As can be seen, the number of False Negatives is very high, which, depending on the business could be harmful.

Precision, Recall and F1-score

  • Precision is the ability of the classifier not to label as positive a sample that is negative (i.e., a measure of result relevancy). $$ P = \frac{T_P}{T_P+F_P} $$
  • Recall is the ability of the classifier to find all the positive samples (i.e., a measure of how many truly relevant results are returned). $$ R = \frac{T_P}{T_P+F_N} $$
  • F1 score can be interpreted as a weighted harmonic mean of the precision and recall (in this case recall and precision are equally important). $$ P = 2\frac{P \times R}{P+R} $$

where $T_P$ is the true positives, $F_P$ the false positives, and $F_N$ the false negatives. Further information on precision, recall and f1-score.

First, let's check if our dataset has class imbalance:


In [ ]:
df_results['target'].value_counts(normalize=True)

Rather imbalanced! Approximately 83% of the labels are 0. Let's take a look at the other metrics more appropriate for this type of datasets:


In [ ]:
print('Precision score = %1.3f' % precision_score(df_results['target'], predicted_outcome))
print('Recall score = %1.3f' % recall_score(df_results['target'], predicted_outcome))
print('F1 score = %1.3f' % f1_score(df_results['target'], predicted_outcome))

As you can see, the results actually not so good as the accuracy metric would show us.

Receiver Operating Characteristic (ROC) and Area Under the ROC (AUROC)

The ROC is very common for binary classification problems. It is created by plotting the fraction of true positives out of the positives (TPR = true positive rate) vs. the fraction of false positives out of the negatives (FPR = false positive rate), at various threshold settings.

  • The roc_curve compute Receiver operating characteristic (ROC)
  • The roc_auc_score function computes the area under the receiver operating characteristic (ROC) curve. The curve information is summarized in one number.

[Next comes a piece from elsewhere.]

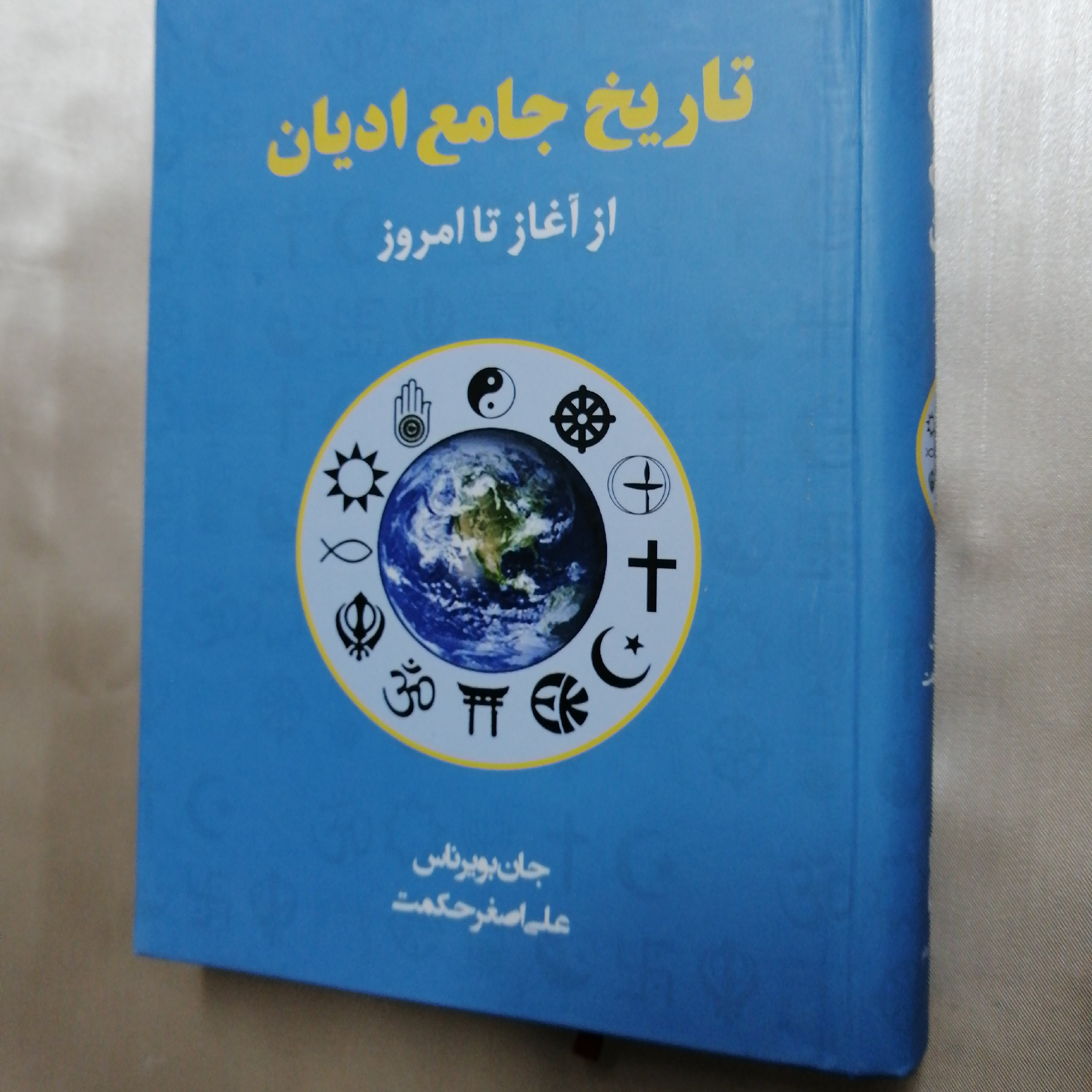 تاریخ جامع ادیان اثر جان بی ناس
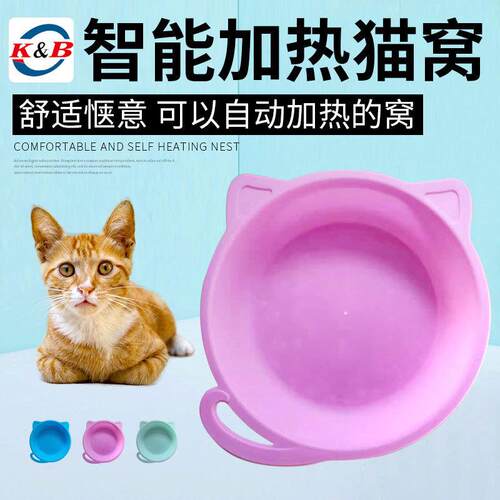 智能恒温加热宠物猫窝猫咪窝狗窝猫锅床泰迪冬季天养殖保暖狗窝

Unlike the previous metrics, the ROC functions above require the actual scores/probabilities (and not the predicted labels). Further information on roc_curve and roc_auc_score. This metric is rather useful for imbalanced datasets.


In [ ]:
# Data to compute the ROC curve (FPR and TPR):
fpr, tpr, thresholds = roc_curve(df_results['target'], df_results['scores'])
# The Area Under the ROC curve:
roc_auc = roc_auc_score(df_results['target'], df_results['scores'])

# Plot ROC Curve
plt.figure(figsize=(8,6))
lw = 2
plt.plot(fpr, tpr, color='orange', lw=lw, label='ROC curve (AUROC = %0.2f)' % roc_auc)
plt.plot([0, 1], [0, 1], color='navy', lw=lw, linestyle='--', label='random')
plt.xlim([0.0, 1.0])
plt.ylim([0.0, 1.05])
plt.grid()
plt.xlabel('False Positive Rate')
plt.ylabel('True Positive Rate')
plt.title('Receiver operating characteristic example')
plt.legend(loc="lower right")
plt.show()

As we can see, the AUROC is 0.70. A value of 0.50 means that the classifier is no better than random.